TEMPO.CO, Jakarta - Keluarnya Peraturan Menteri Perhubungan Nomor 90 Tahun 2015 tentang pengendalian pengoperasian pesawat tanpa awak (drone), Selasa, 28 Juli 2015, dinilai kurang sosialisasi dan terburu-buru. Banyak pemilik drone mempertanyakan teknis pengendalian lalu lintas drone.
“Banyak dari mereka (pemilik drone) mengeluhkan proses perizinan menerbangkan drone,” ujar juru bicara Asosiasi Pilot Drone Indonesia, Evi Arbay, ketika dihubungi, Rabu, 29 Juli 2015. Pengusaha, dia menambahkan, cukup kaget dengan pemberlakuan peraturan ini.
Menurut peraturan baru ini, pilot drone tanpa terkecuali tak boleh terbang lebih dari 150 meter, kecuali drone milik pemerintah. Pun, jika ingin terbang tinggi, para pemilik drone non-pemerintah harus mengurus izin terbang di Direktorat Jenderal Perhubungan Udara Kementerian Perhubungan.
Hingga kini, menurut Evi, para pilot drone beranggapan tak perlu adanya izin untuk menerbangkan drone guna pemotretan, perfilman, dan pemetaan. Syaratnya, penerbangan itu dilakukan di wilayah yang tidak secara khusus mensyaratkan suatu perizinan (daerah khusus).
Asosiasi, ujar dia, mengharapkan adanya sosialisasi lebih lanjut ihwal peraturan menteri tersebut, khususnya kemudahan perizinan. “Kami siap bekerja sama memberikan masukan,” kata Evi.
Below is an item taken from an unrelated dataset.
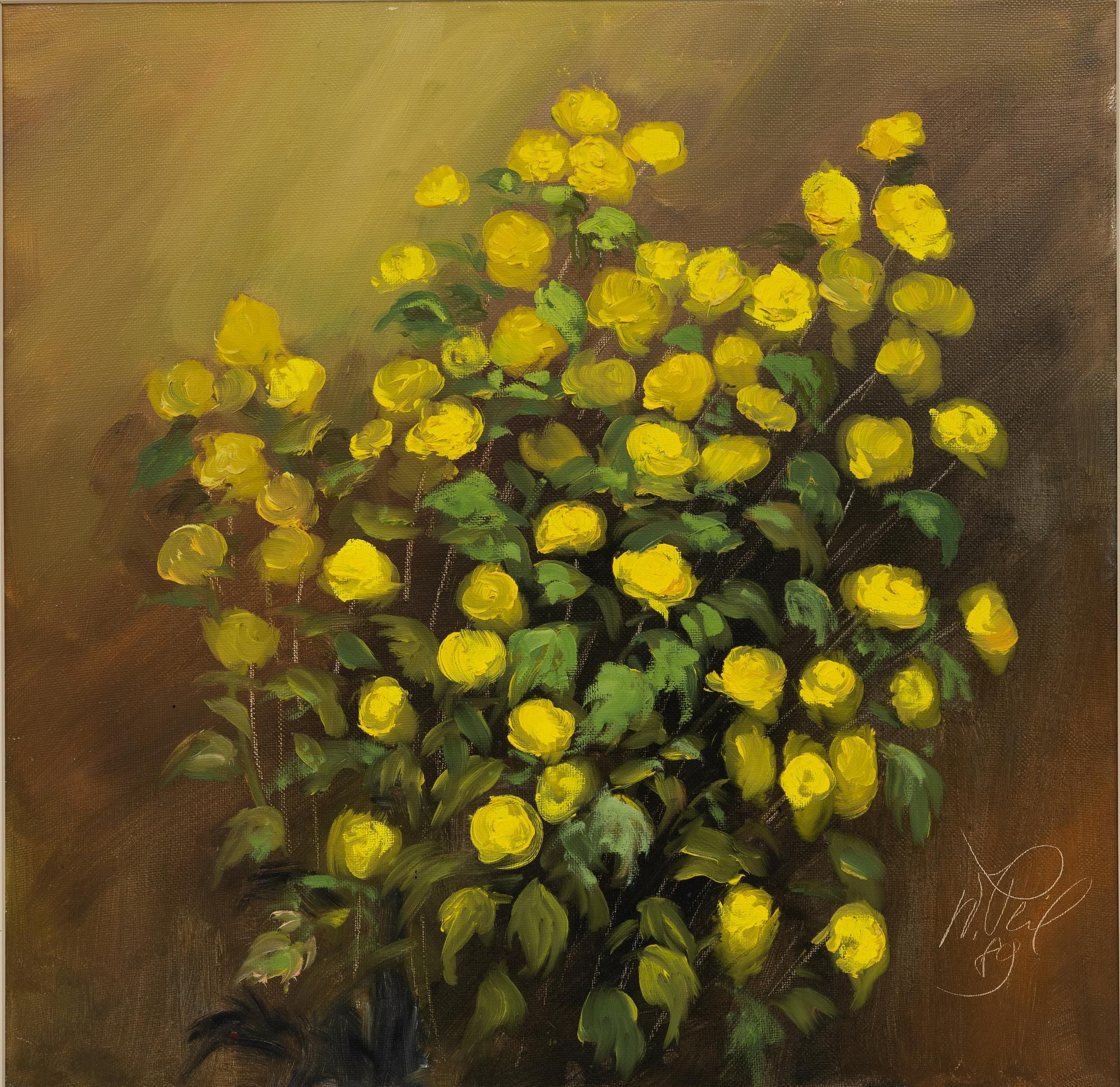 Voldemar Peil, Flower Still Life.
Kepala Pusat Komunikasi Kementerian J.A. Bharata mengatakan peraturan ini dibuat untuk mengendalikan dan menertibkan lalu lintas udara. “Semua yang terbang di wilayah Indonesia harus kami atur,” tuturnya ketika dihubungi.
Bharata tak menampik jika peraturan menteri ini kurang sosialisasi, terlebih soal kemudahan proses perizinan dari segi administrasi dan lokasi. “Sembari jalan, nanti akan terus dibenahi,” ucapnya.